- Born: 1564
- Died: 1 September 1641 (aged 76–77) Leuven
- Occupation: Nun

= Elizabeth Shirley =

English Augustinian nun and author

Elizabeth Shirley (1564 – 1 September 1641) was an English Augustinian nun and author. Born in England she died in Leuven at a convent she had helped create. She may have written the first biography of a woman, by a woman, in English.

==Life==
Shirley was born in 1564, probably in Leicestershire. She was one of eight children of Sir John Shirley. She went to live in Staunton Harold in Leicestershire to look after her unmarried brother, Sir George Shirley. George was a Catholic and he tried to convert his sister to his faith. At first, she resisted but was later persuaded by stories, books and her vision of the Holy Ghost.
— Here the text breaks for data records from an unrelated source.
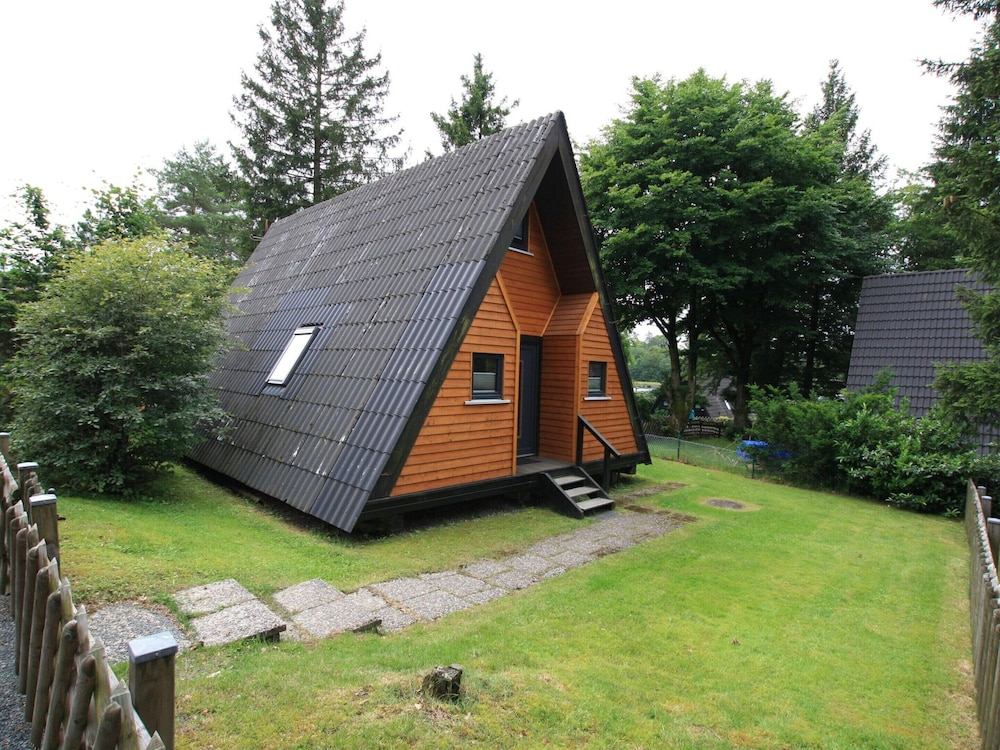 Waldsee Ferienhaus mit Kamin W Lan - carbon neutral hotel in Clausthal-Zellerfeld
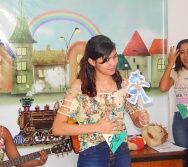 Curso Contando Histórias Colorindo Vidas - Turma 6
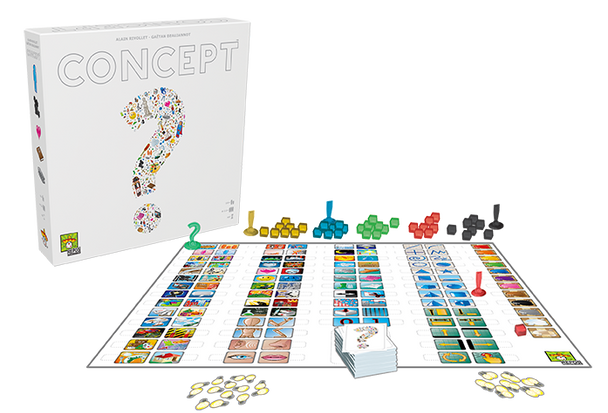 Repos Production - Concept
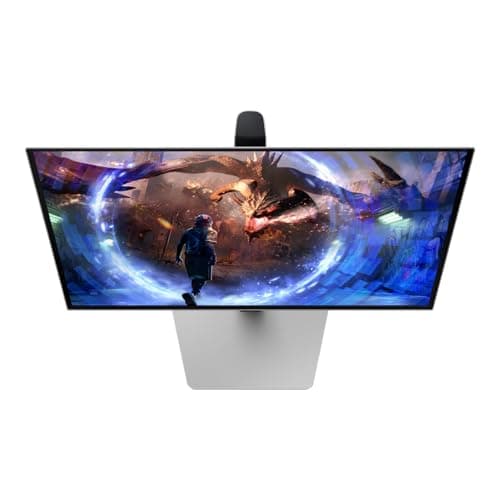 Samsung Odyssey G60SD 27" 1440p 360Hz QD-OLED Monitor image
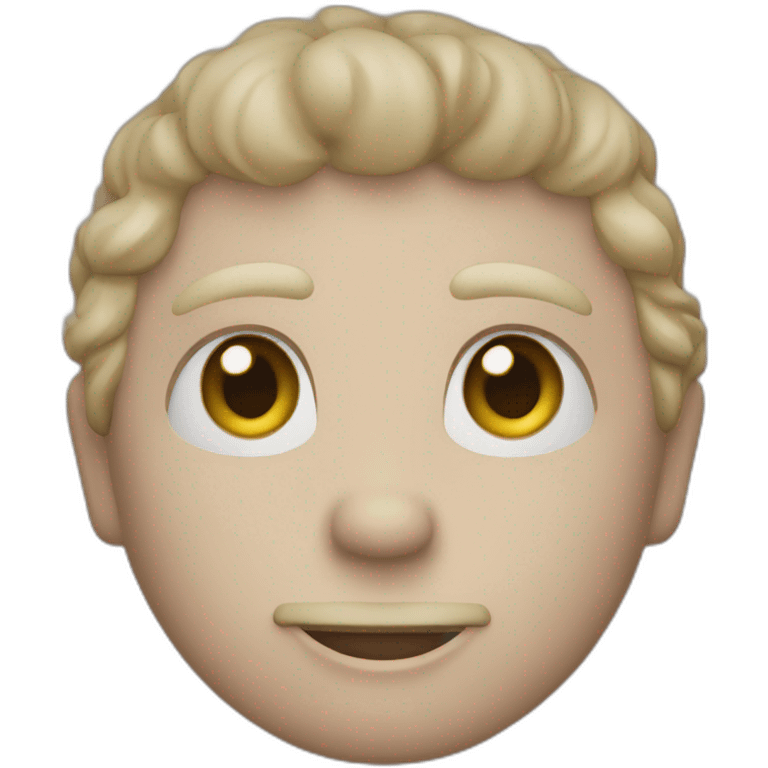 MacDonald emoji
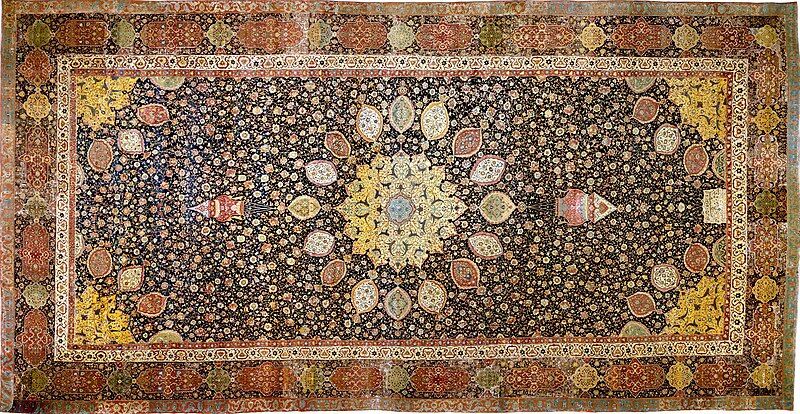 File:Ardabil Carpet rotate.jpg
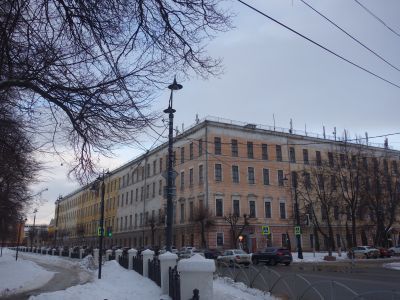 Ансамбль Соборной площади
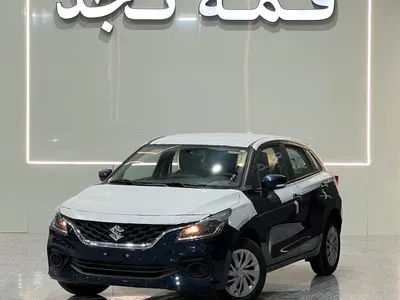 2026 سوزوكي بالينو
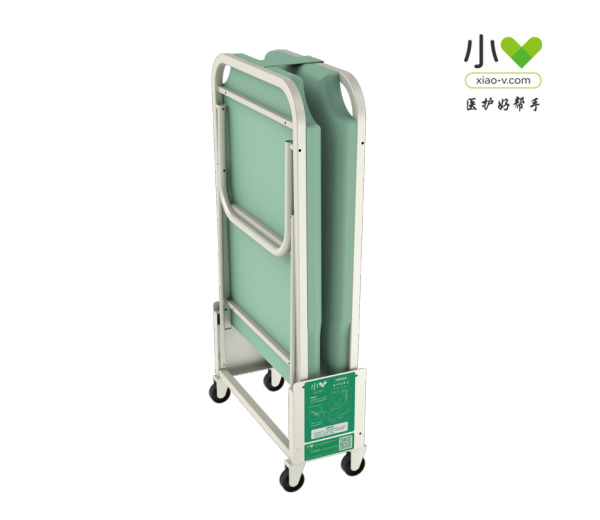 小V共享樁式陪護床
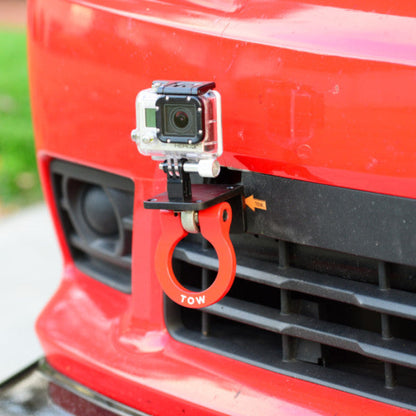 Tow Hook Camera/Transponder Mount
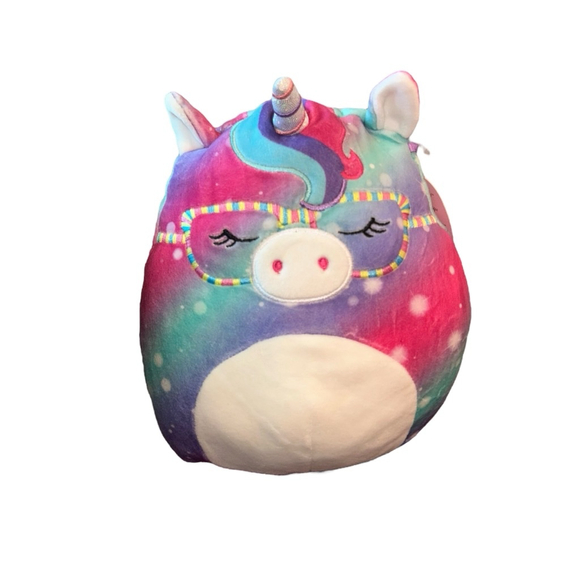 8” Kimia Back to School Exclusive the Unicorn Original Squishmallows Plush Toy - Picture 8 of 9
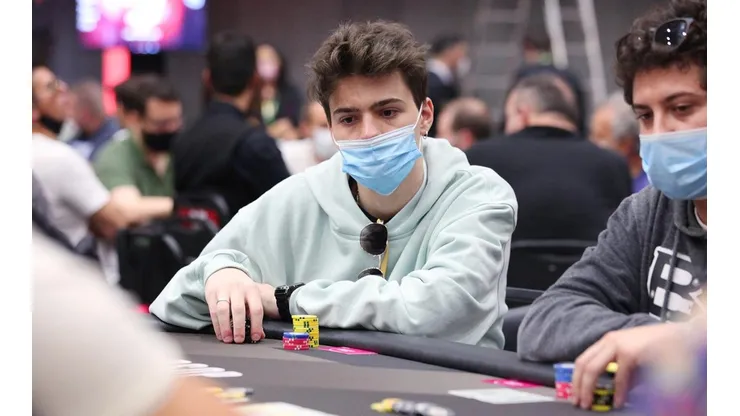 Poker online: Rafael Furlanetto chega bem perto de título importante, mas fatura boa forra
Her brother eventually married and Elizabeth was no longer required at Staunton Harold. Her options included getting married or becoming a nun. She opted to become a nun although at the time, owing to government persecution in England, the convents were all located abroad. She joined the monastery of Augustinian canonesses at Leuven known as St Ursula's and there made profession on 10 September 1596. This was a Flemish monastery but it was headed by Margaret Clement, an Englishwoman, whose presence attracted many English women wanting to become nuns. Between 1569 and 1606, 28 women escaping persecution in England had joined the house. In 1606 Margaret Clement retired and the nun who succeeded her as prioress was Flemish. A group of six nuns, unhappy that their candidate, Jane Wiseman's daughter, Mary Wiseman, had not been elected, decided to leave and found an English house. The new house was also established in Leuven and it was named St Monica's. This was Shirley's creation as she had been elected to be take charge of the financial aspects of the foundation. She governed the new house, established on 10 February 1609, for its first nine months. In the November another nun was elected prioress and Elizabeth Shirley received the role of sub-prioress.

In 1616 or 1626 she wrote what is now thought to be the first biography of a woman, by a woman in English. She chose to record the life of Margaret Clement who had led St Ursula's convent in Leuven.

Shirley resigned as sub-prioress in 1637 and later died at St Monica's, where she was also buried.